在本申请的一些实施例中,所述索引值计算模块,用于根据所述主要声道信号的基音周期估计值确定所述次要声道信号的闭环基音周期整数部分loc_T0,和所述次要声道信号的闭环基音周期分数部分loc_frac_prim;通过如下方式计算出所述次要声道信号的基音周期索引值soft_reuse_index:
soft_reuse_index=(N*pitch_soft_reuse+pitch_frac_soft_reuse)﹣(N*loc_T0+loc_frac_prim)+soft_reuse_index_high_limit/M;
其中,所述pitch_soft_reuse表示所述次要声道信号的基音周期估计值的整数部分,所述pitch_frac_soft_reuse表示所述次要声道信号的基音周期估计值的分数部分,所述soft_reuse_index_high_limit表示所述次要声道信号的基音周期索引值上限,所述N表示所述次要声道信号被划分的子帧个数,所述M表示所述次要声道信号的基音周期索引值上限的调整因子,M为非零的实数,所述*表示相乘运算符,所述+表示相加运算符,所述﹣表示相减运算符。
在本申请的一些实施例中,所述立体声编码装置应用于所述当前帧的编码速率低于预设的速率阈值的立体声编码场景;
所述速率阈值为如下取值中的至少一种:13.2千比特每秒kbps、16.4kbps、或24.4kbps。
请参阅图11所示,本申请实施例提供的一种立体声解码装置1100,可以包括:确定模块1101、值获取模块1102、差分解码模块1103,其中,
确定模块1101,用于根据接收到的立体声编码码流确定是否对次要声道信号的基音周期进行差分解码;
值获取模块1102,用于当确定对所述次要声道信号的基音周期进行差分解码时,从所述立体声编码码流中获取当前帧的主要声道信号的基音周期估计值和所述当前帧的次要声道信号的基音周期索引值;
差分解码模块1103,用于根据所述主要声道信号的基音周期估计值和所述次要声道信号的基音周期索引值,对所述次要声道信号的基音周期进行差分解码,以得到所述次要声道信号的基音周期估计值,所述次要声道信号的基音周期估计值用于对所述立体声编码码 流进行解码。
在本申请的一些实施例中,所述确定模块,用于从所述当前帧中获取次要声道基音周期差分编码标识;当所述次要声道基音周期差分编码标识为预设的第一值时,确定对所述次要声道信号的基音周期进行差分解码。

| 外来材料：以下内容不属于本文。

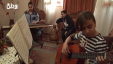 بالفيديو: سجى ويارا طفلتان من غزة يواجهن الحرب بالعزف على القانون والجيتار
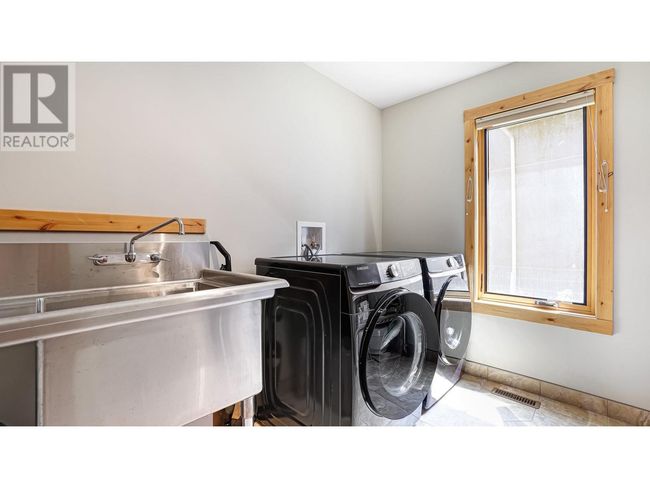 1910 Pineridge Dr, House other with 5 bedrooms, 3 bathrooms and 23 parking in Invermere BC | Image 46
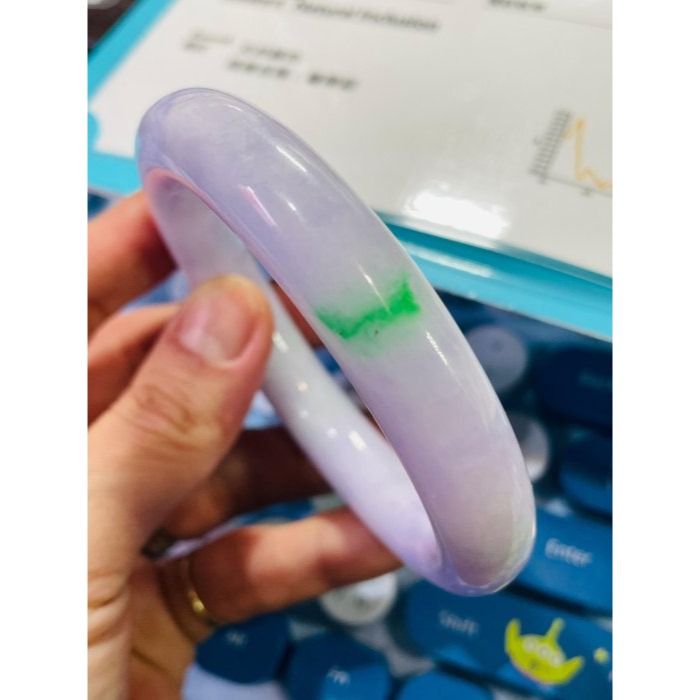 天然A貨緬甸玉 冰潤夢幻紫帶陽綠粗條翡翠圓骨鐲56.2 18.5圍 滿紅紫底色 辣陽綠點綴 12咪粗骨完美度98% 附台-細節圖10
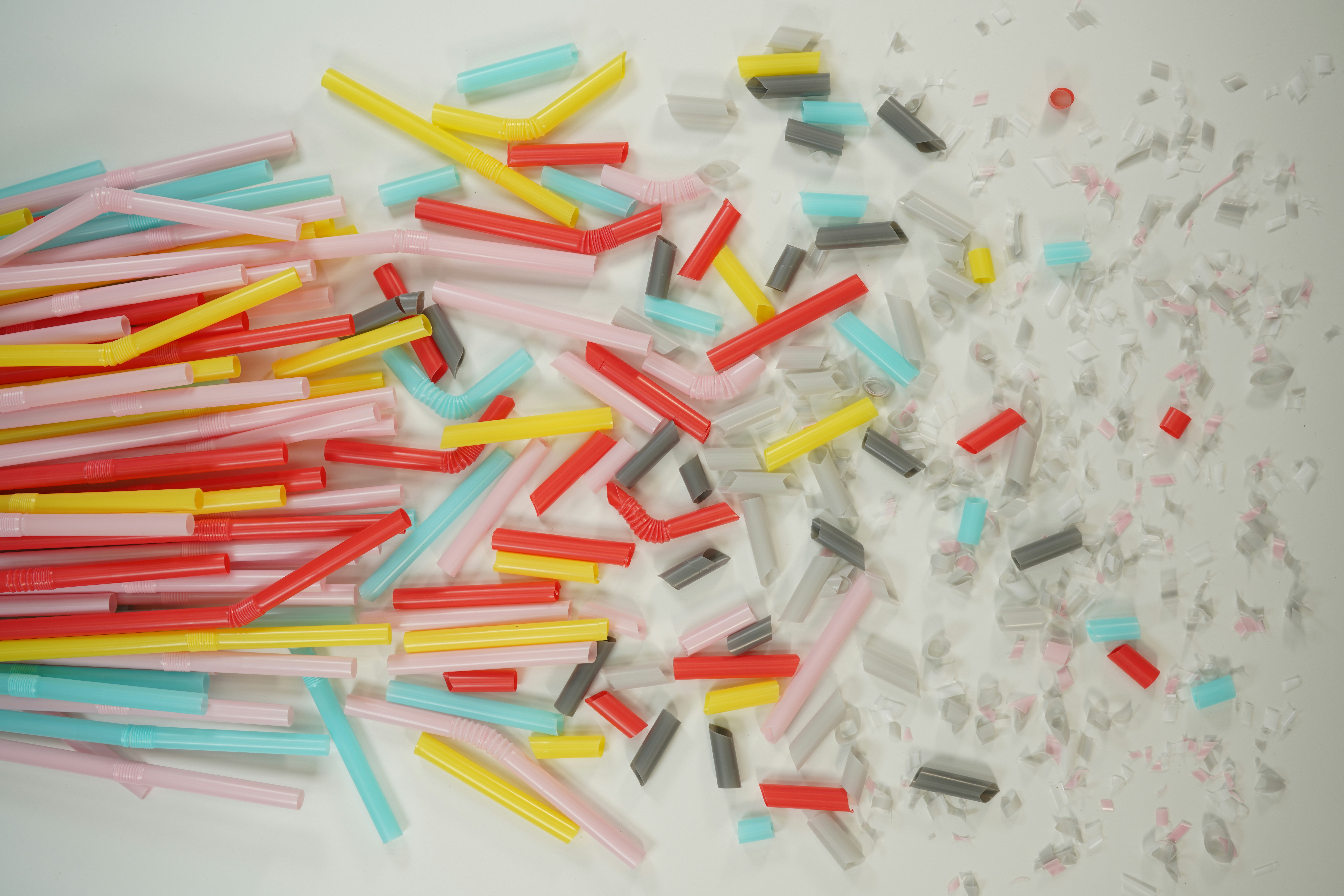 CC-0. https://unsplash.com/photos/white-red-yellow-and-blue-plastic-straw-lot-NXyXNl5LTqM
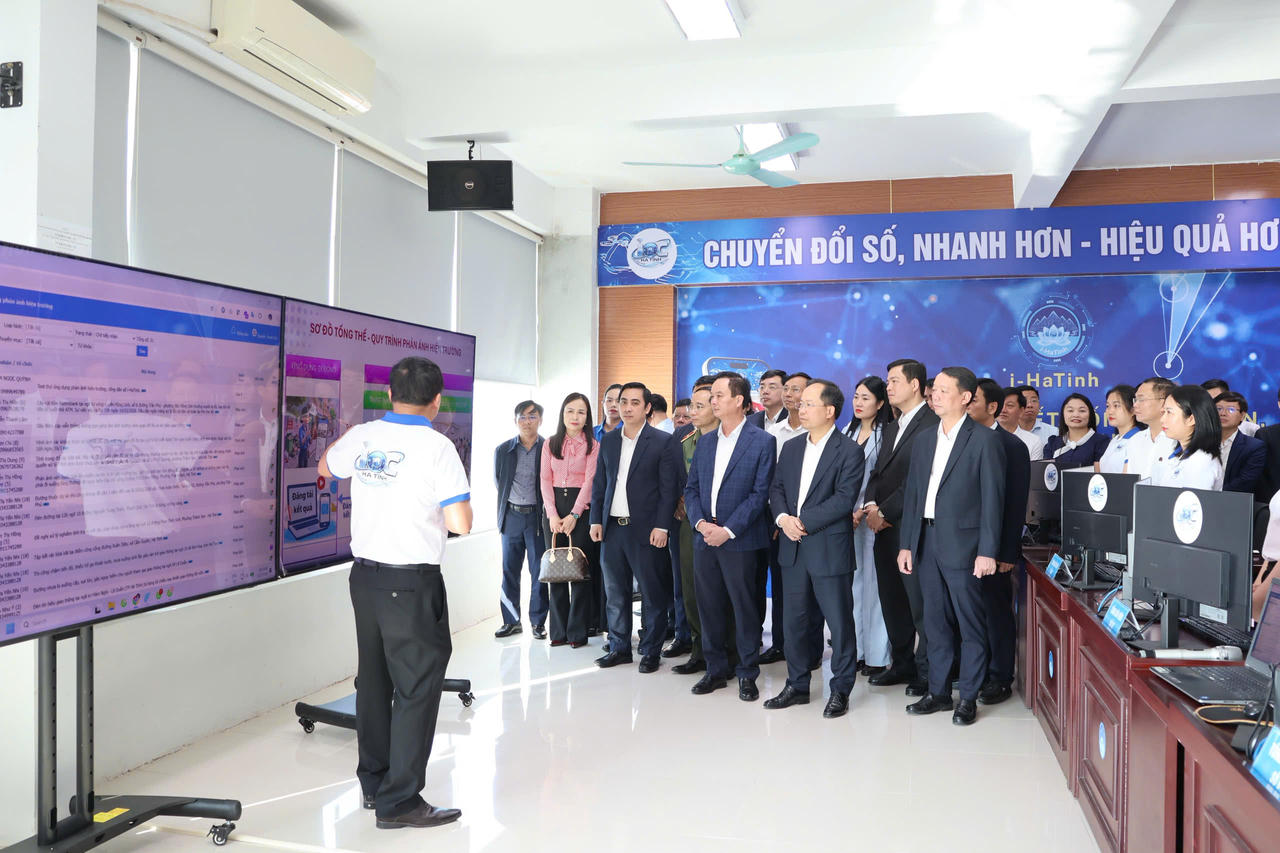 Các đại biểu tham quan trung tâm điều hành.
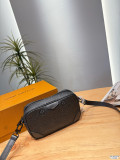 ルイヴィトンバッグ LOUIS VUITTON 2026新作 スリングバッグ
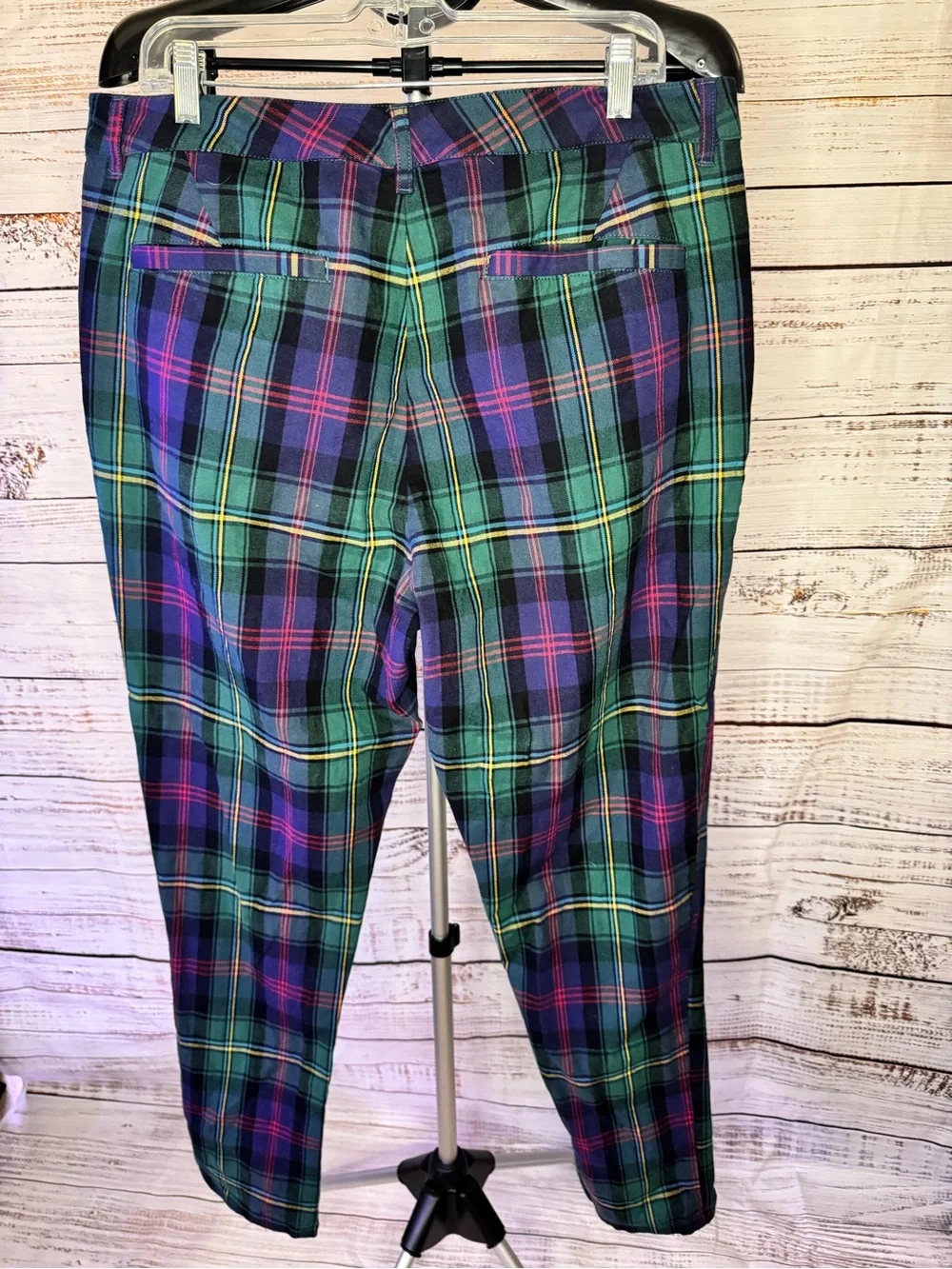 ASOS size 38 men’s Green Blue yellow red Plaid Slim Trousers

在本申请的一些实施例中,所述立体声解码装置,还包括:独立解码模块,其中,
独立解码模块,用于当确定不对所述次要声道信号的基音周期进行差分解码、且不复用所述主要声道信号的基音周期估计值作为所述次要声道信号的基音周期时,从所述立体声编码码流中解码所述次要声道信号的基音周期。
进一步的,独立解码模块,用于当所述次要声道基音周期差分编码标识为预设的第二值、且所述立体声编码码流中携带的次要声道信号基音周期复用标识为预设的第三值时,确定不对所述次要声道信号的基音周期进行差分解码、且不复用所述主要声道信号的基音周期估计值作为所述次要声道信号的基音周期,从所述立体声编码码流中解码所述次要声道信号的基音周期。
在本申请的一些实施例中,所述立体声解码装置,还包括:基音周期复用模块,其中,
所述基音周期复用模块,用于当确定不对所述次要声道信号的基音周期进行差分解码且复用所述主要声道信号的基音周期估计值作为所述次要声道信号的基音周期时,将所述主要声道信号的基音周期估计值作为所述次要声道信号的基音周期。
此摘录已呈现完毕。